Cuando Mauro salió de ahí, después de semanas con tubos y máquinas que pitaban como alarmas de auto en la calle, lo primero que hice fue tocarlo.

No pude evitarlo. Su piel estaba tibia, demasiado lisa, como la de un muñeco de cera.

Hace dos semanas, cuando lo llevaron en ambulancia, estaba frío, con la cara hundida y oliendo a remedios y a muerte que se acercaba.

Ahora, en el pasillo de casa, con el ventilador de pie zumbando y el calor de febrero metiéndose por las rendijas, parecía un milagro.

Pero los milagros no existen en este barrio, donde los perros ladran toda la noche y las luces de la calle parpadean como si se estuvieran muriendo.

El tratamiento fue la última carta. “Injertos celulares integrales”, dijo el médico, un tipo con ojeras y una camisa arrugada que parecía dormir en el consultorio.

No explicó mucho, solo que era experimental, que la piel venía de un donante, que Mauro iba a vivir.

Yo firmé los papeles sin leer, con la mano temblando, mientras en la tele del hospital pasaban noticias de un choque en la Panamericana.

¿Qué iba a hacer?

Era mi hijo.
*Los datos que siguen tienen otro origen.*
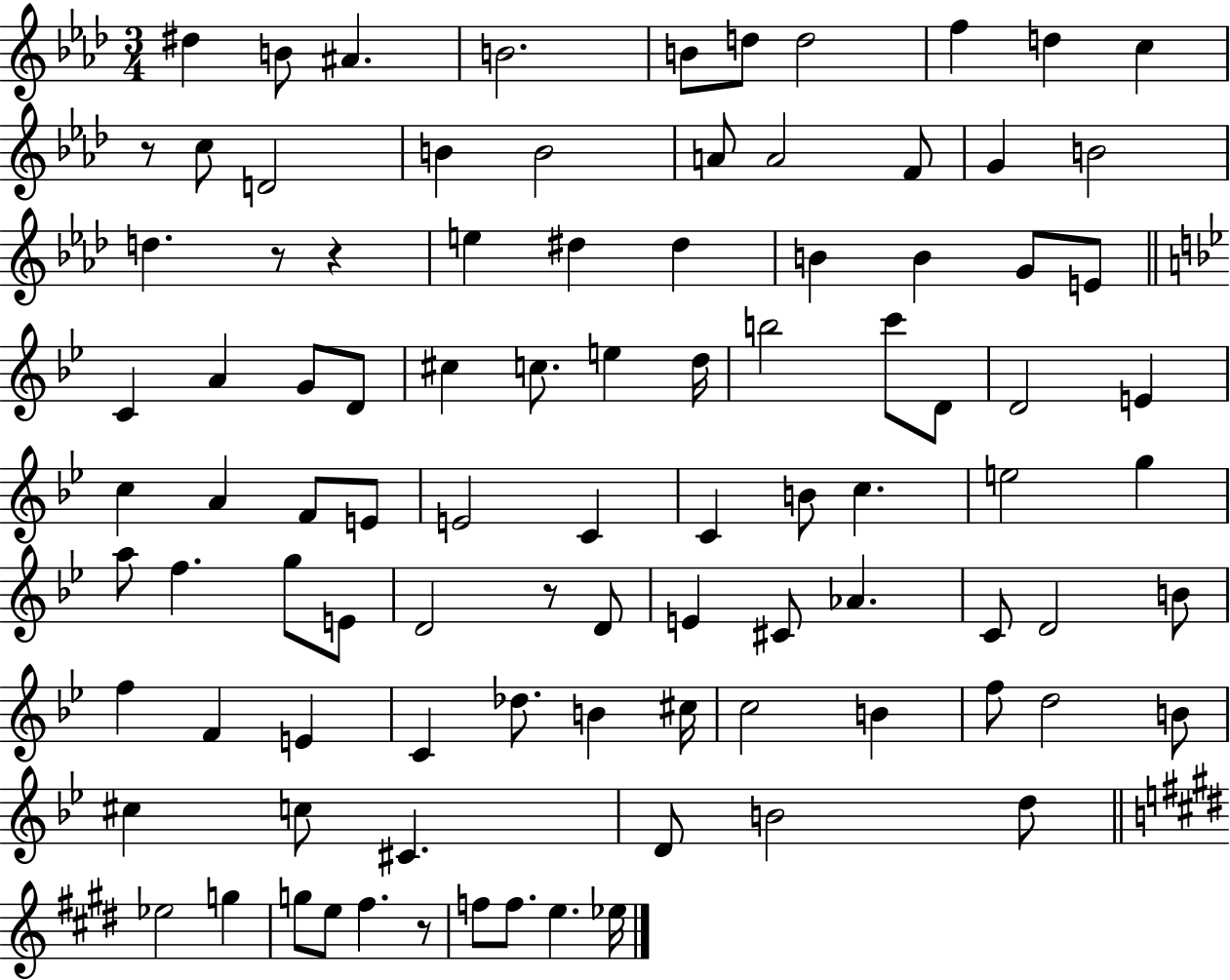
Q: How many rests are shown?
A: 5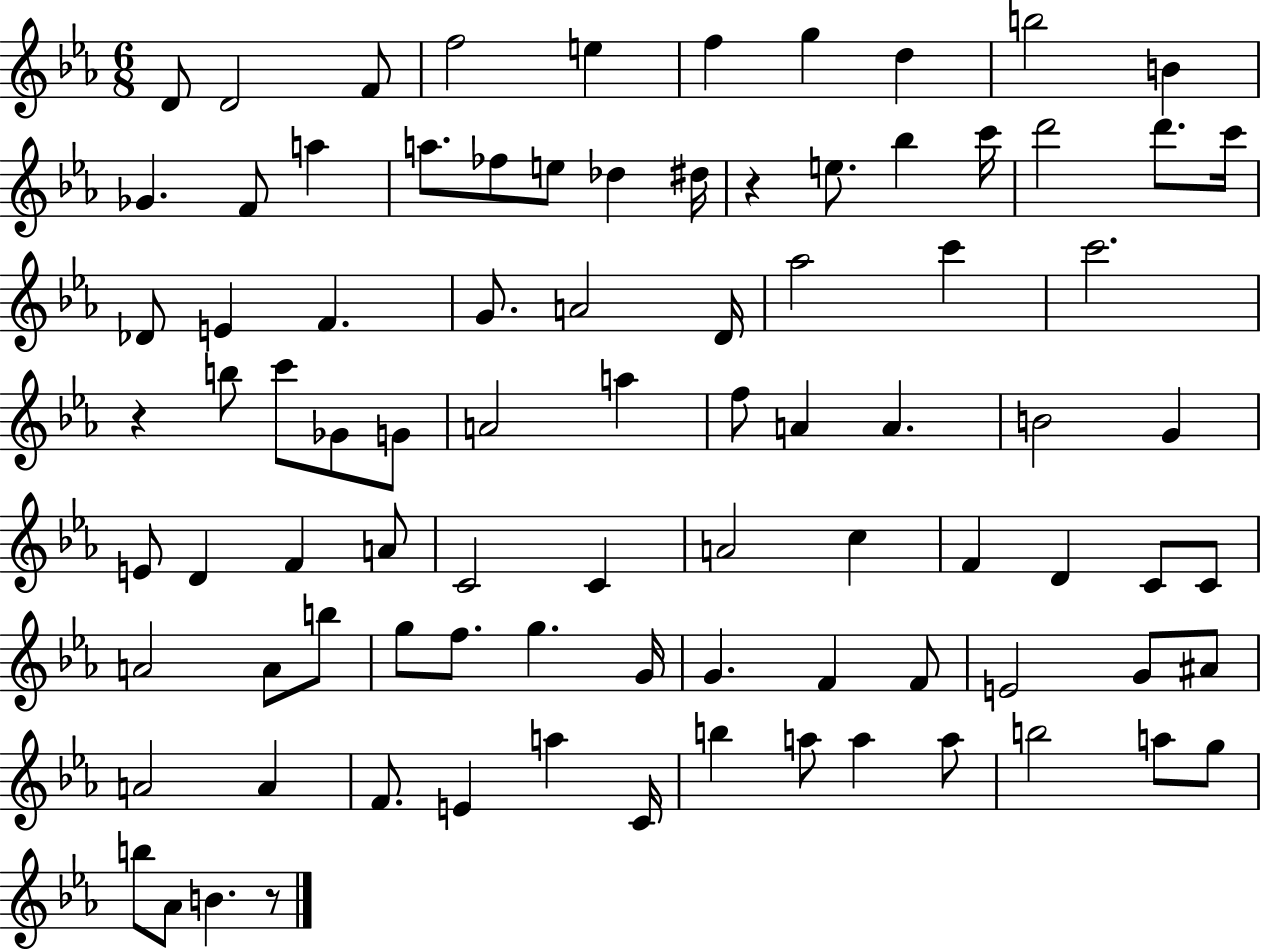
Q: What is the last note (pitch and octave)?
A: B4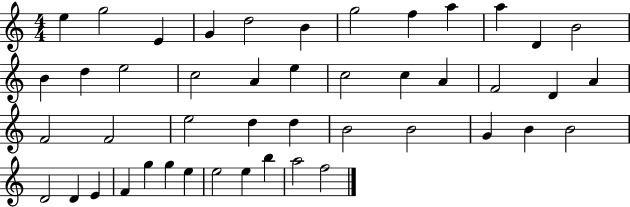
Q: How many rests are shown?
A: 0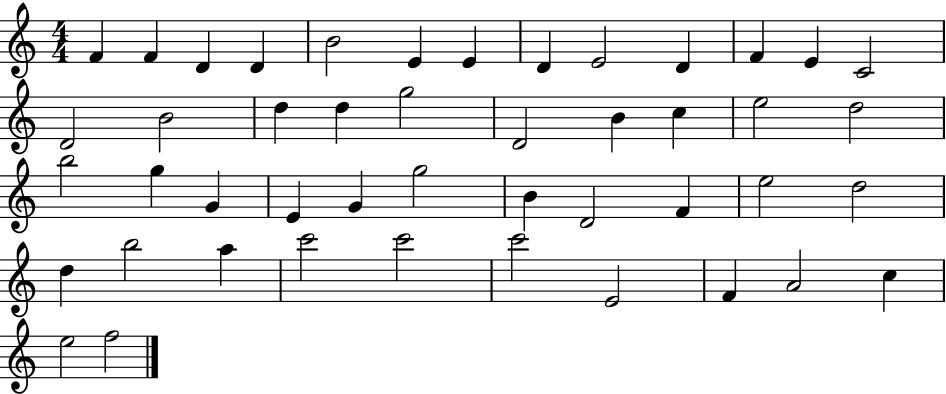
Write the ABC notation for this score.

X:1
T:Untitled
M:4/4
L:1/4
K:C
F F D D B2 E E D E2 D F E C2 D2 B2 d d g2 D2 B c e2 d2 b2 g G E G g2 B D2 F e2 d2 d b2 a c'2 c'2 c'2 E2 F A2 c e2 f2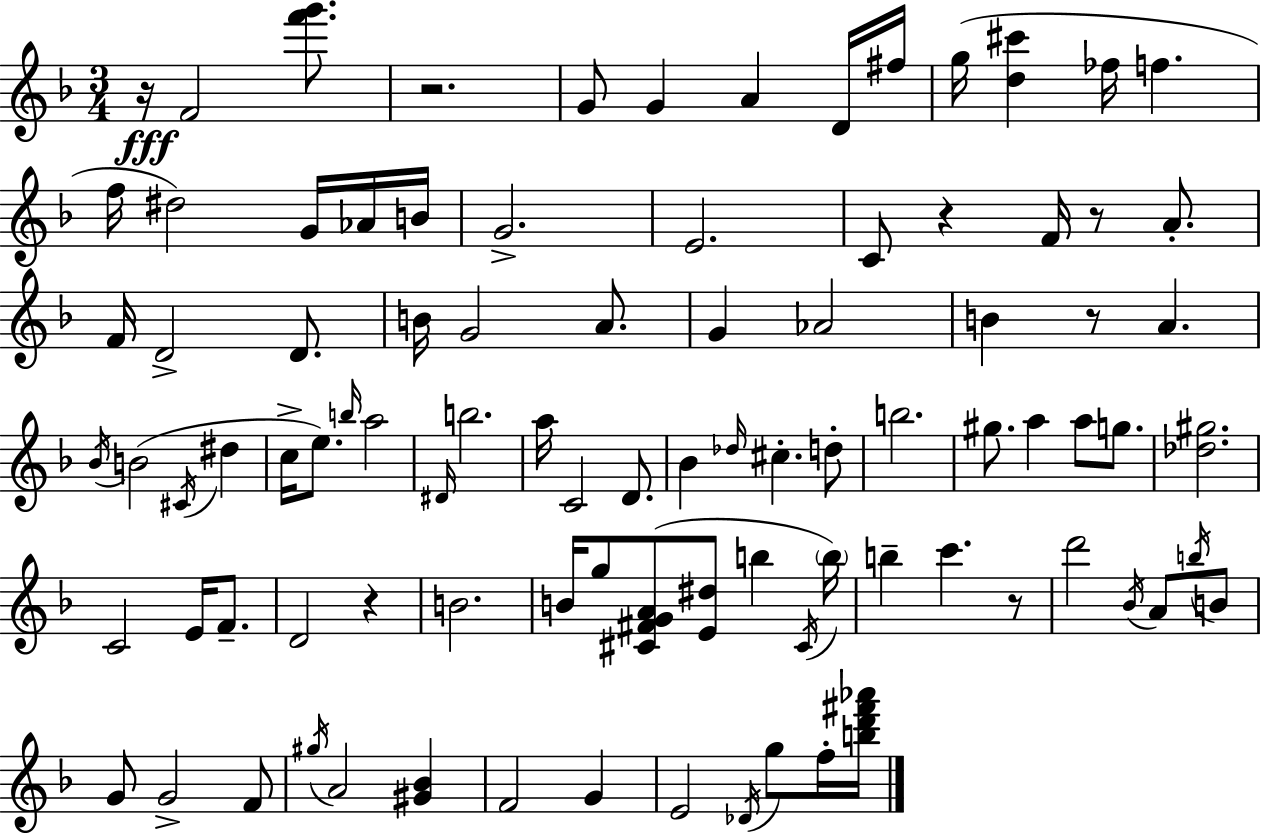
R/s F4/h [F6,G6]/e. R/h. G4/e G4/q A4/q D4/s F#5/s G5/s [D5,C#6]/q FES5/s F5/q. F5/s D#5/h G4/s Ab4/s B4/s G4/h. E4/h. C4/e R/q F4/s R/e A4/e. F4/s D4/h D4/e. B4/s G4/h A4/e. G4/q Ab4/h B4/q R/e A4/q. Bb4/s B4/h C#4/s D#5/q C5/s E5/e. B5/s A5/h D#4/s B5/h. A5/s C4/h D4/e. Bb4/q Db5/s C#5/q. D5/e B5/h. G#5/e. A5/q A5/e G5/e. [Db5,G#5]/h. C4/h E4/s F4/e. D4/h R/q B4/h. B4/s G5/e [C#4,F#4,G4,A4]/e [E4,D#5]/e B5/q C#4/s B5/s B5/q C6/q. R/e D6/h Bb4/s A4/e B5/s B4/e G4/e G4/h F4/e G#5/s A4/h [G#4,Bb4]/q F4/h G4/q E4/h Db4/s G5/e F5/s [B5,D6,F#6,Ab6]/s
Mi único hijo.

Al principio, las costuras eran lo peor.

Líneas gruesas, rojas, como si alguien hubiera cosido a Mauro con hilo de zapatero. Le cubrían el pecho, los brazos, una pierna. Parecía un muñeco de trapo, de esos que venden en la feria de Pompeya, hechos con retazos.

Pero después, la piel empezó a cambiar. Aparecieron lunares que no eran suyos, manchas con formas raras, como mapas de países que no existen. En el antebrazo le creció vello oscuro, áspero, que no tenía nada que ver con el pelo finito de mi Mauro. Algunas partes eran oscuras, como cuero curtido; otras, pálidas, casi transparentes, como si la luz las atravesara.


—No me siento yo —me dijo una noche, rascándose el brazo hasta dejar marcas rojas.

Estaba sentado en el sillón, con la tele en mute mostrando un partido de fútbol.

La luz azul le bailaba en la cara.

—Es como si la piel me apretara, mamá. Como si quisiera moverse sola.


Yo no supe qué decir.

Afuera, un vecino gritaba algo sobre una deuda, y el olor a asado quemado se colaba por la ventana.

Pensé que era el estrés, el trauma, qué sé yo.

Pero Mauro empezó a cambiar.

Primero fueron las peleas en la escuela. Volvía con los ojos inyectados, los puños apretados. Una vez empujó a un compañero contra un armario, le rompió la nariz. Lo vi llegar a casa con los nudillos hinchados, la remera salpicada de sangre.


—Se lo merecía —dijo, mirando el piso de mosaicos rotos—. Sabía lo que estaba pensando.


No era mi Mauro. Mi Mauro era el que juntaba figuritas del Mundial, el que se reía con los chistes malos de Tinelli. Este Mauro tenía una mirada que no reconocía, como si alguien más lo estuviera usando.


Las noches se volvieron peores. Lo escuchaba en el pasillo, rascándose hasta sangrar. A veces encontraba pedazos de piel en el baño, pequeños, como uñas rotas, y él los miraba fijo antes de llevárselos a la boca. El sonido era húmedo, como cuando chupás un caramelo blando. Yo no decía nada. Me quedaba en la cocina, con el mate frío, escuchando el zumbido del ventilador y el ruido de la ciudad que nunca duerme.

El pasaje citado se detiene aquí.